Diana Nyad swim from Cuba to Florida ends after 29 hours

Diana Nyad swim: The 61-year-old ended her attempt to swim 103 miles from Cuba to Florida early Tuesday morning. The swim, if completed, was supposed to take 60 hours.

American endurance swimmer Diana Nyad, swims in Cuban waters, offshore Havana, Cuba, Sunday, Aug. 7. Nyad jumped into Cuban waters Sunday evening and set off in a bid to become the first person to swim across the Florida Straits without the aid of a shark cage. Nyad's Twitter feed read early Tuesday morning, the 61-year-old distance swimmer's swim ended around 29 hours into the estimated 60-hour, 103-mile swim.

Franklin Reyes/AP

August 9, 2011

"The combination of factors was too much to safely continue."
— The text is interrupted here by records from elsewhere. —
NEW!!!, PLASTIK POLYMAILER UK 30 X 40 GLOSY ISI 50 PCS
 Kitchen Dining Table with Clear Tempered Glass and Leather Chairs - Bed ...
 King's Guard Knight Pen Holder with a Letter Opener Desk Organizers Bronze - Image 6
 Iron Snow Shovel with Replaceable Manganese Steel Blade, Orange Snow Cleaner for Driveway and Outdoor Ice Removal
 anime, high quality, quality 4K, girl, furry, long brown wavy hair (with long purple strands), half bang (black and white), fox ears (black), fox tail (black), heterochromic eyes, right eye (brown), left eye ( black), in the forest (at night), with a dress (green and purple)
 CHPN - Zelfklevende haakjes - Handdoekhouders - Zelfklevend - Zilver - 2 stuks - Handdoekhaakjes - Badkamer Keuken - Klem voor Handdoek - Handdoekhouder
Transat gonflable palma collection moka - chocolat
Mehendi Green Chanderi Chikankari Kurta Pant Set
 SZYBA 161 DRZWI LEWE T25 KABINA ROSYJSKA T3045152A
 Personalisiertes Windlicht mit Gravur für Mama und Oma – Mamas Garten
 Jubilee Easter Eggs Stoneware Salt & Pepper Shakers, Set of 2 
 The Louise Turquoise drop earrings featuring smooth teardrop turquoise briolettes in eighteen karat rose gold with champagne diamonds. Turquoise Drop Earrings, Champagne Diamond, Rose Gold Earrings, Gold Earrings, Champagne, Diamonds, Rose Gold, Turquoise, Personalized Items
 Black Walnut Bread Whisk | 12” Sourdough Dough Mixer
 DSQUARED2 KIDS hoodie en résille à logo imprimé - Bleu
So read Diana Nyad's Twitter feed early this morning, and so ended the 61-year-old distance swimmer's swim from Cuba to the tip of the Florida Keys around 29 hours into the estimated 60-hour, 103-mile swim.

To put that into perspective: One mile (about 1,650 yards swimming) in your typical 25-yard pool is about 33 laps. It would take the average swimmer about an hour to swim that.

"It felt like this was my moment. I don't feel like a failure at all. But we needed a little more luck," she posted to her Twitter feed.

Her fans don't seem to think 29 hours was too shabby either, "so 61 yr old @diananyad 'only' made it 1/2way to Cuba? officially ceasing my whining about being old. #wow," posted Paul Radar online.

Ms. Nyad retired from swimming and took up sports journalism some three decades ago, but in January 2010 decided to work toward accomplishing the swim she had aborted when she was 28.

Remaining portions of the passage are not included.